While it is quite likely that Patriots head coach Bill Belichick will trade down at some point to acquire more picks, he does have one ace up his sleeve: backup quarterback Ryan Mallett.
The primary knock on Mallett at the time was rather nebulous "character concerns"; Pro Football Weekly described him as "immature," "not a respected leader," warning that his "character needs to be evaluated very closely."
What the Patriots saw was a strong-armed quarterback who was a dedicated film junkie. In a post-draft interview with ESPN, Belichick said of Mallett that, "He's very into football. You can't wear him out."
Mallett has had little chance to show what he can do; he's only attempted a handful of passes in the last two years during the regular season. But, in a draft where there are few, if any, quarterbacks without major question marks, Mallett seems like a reasonable alternative for a team looking for the classic "dropback" quarterback. (Mallett's size and feet—he's even larger than Tom Brady, and not much faster—isn't well suited to a team looking for a quarterback similar to Robert Griffin III or Johnny Manziel.)

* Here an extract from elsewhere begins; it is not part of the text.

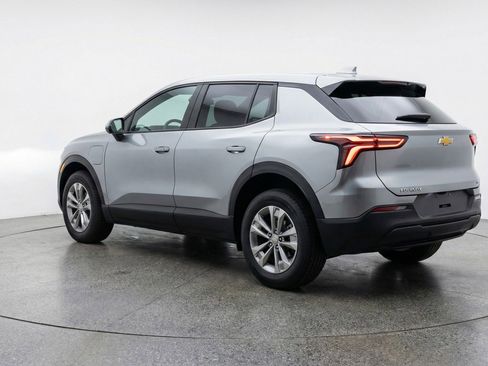 Used 2025 Chevrolet Equinox LT image 6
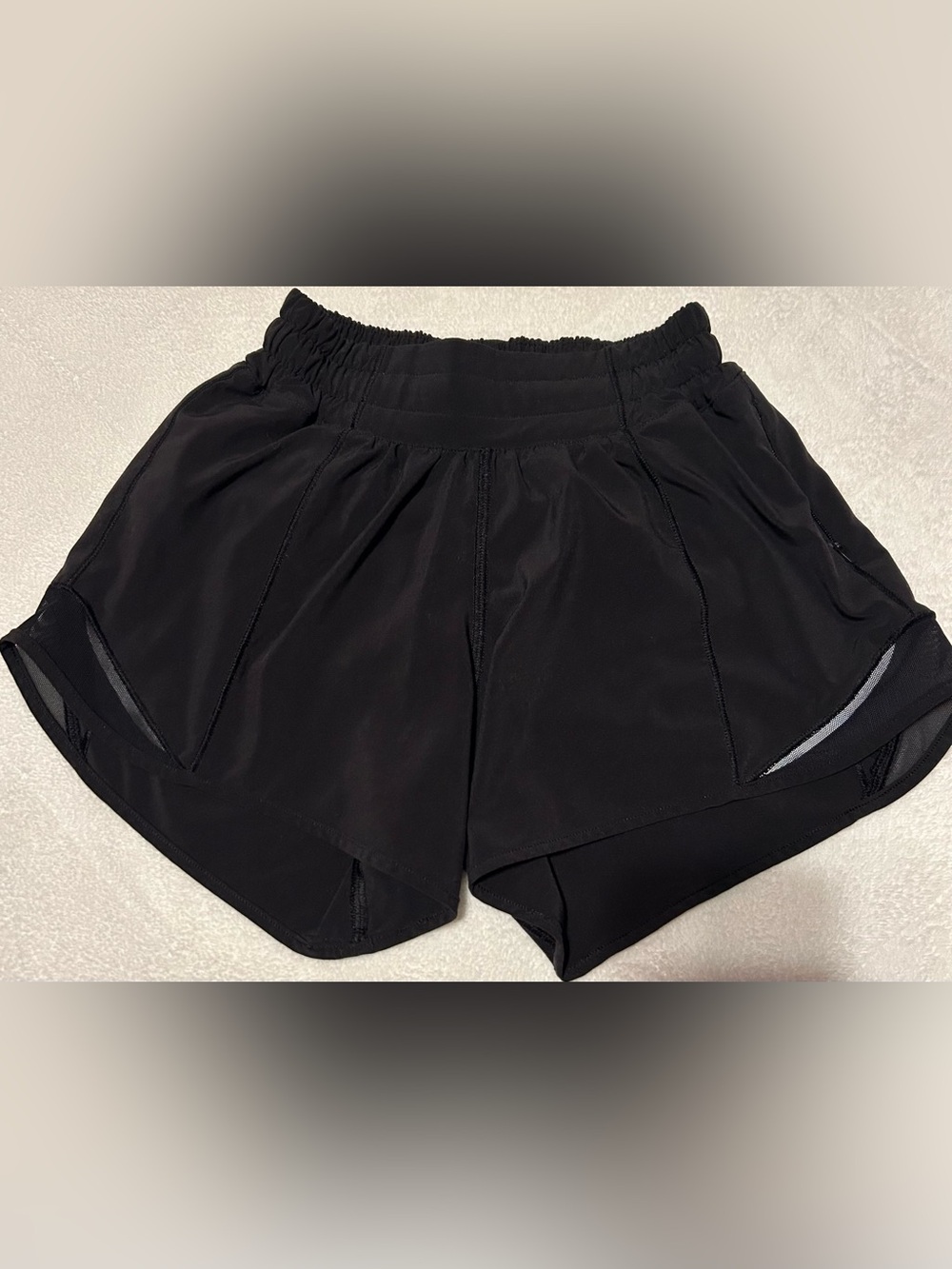 Lululemon Hotty Hot LR Shorts - size 0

Mallett's biggest problem, though, is the extension that Tom Brady received earlier this year. Since Mallett only has two years left on his contract, it's hard to envision a scenario in which Mallett beats out a healthy Brady for the starter's job. (For Patriots fans, scenarios involving an injured Brady are even more difficult to contemplate.)
On the other hand, MassLive.com columnist Nick Underhill has written that the fact that Mallett has two years left on his contract is a stumbling block to his being traded. Because the new CBA prohibits teams from re-negotiating rookie contracts for three years, some teams may be scared off.
To me, this seems illogical. I would think that the ability to get Mallett for at least one year of bargain-basement price (he's scheduled to make about $640,000 in 2013) would make him more enticing. After all, a team would have a year's "test drive" before having to pony up a multi-million dollar extension.
According to the Boston Globe's Greg Bedard, multiple teams have called the Patriots in the last few days about a potential trade for Mallett. He suggests that the Patriots are looking for either a second-round pick in this year's draft or a first-round pick in 2014. (For what it's worth, the Cleveland Browns, the team most often mentioned as a trade partner, enters this year's draft without a second-rounder.)
If the Patriots trade Mallett, then it's unlikely that anyone backing up Brady in 2013 will have as much experience in the Patriots' system as Mallett does. So, all in all, it boils down to this: Will any team make an offer good enough to convince Bill Belichick and Robert Kraft to part with Mallett?
By Friday night, we'll have our answer.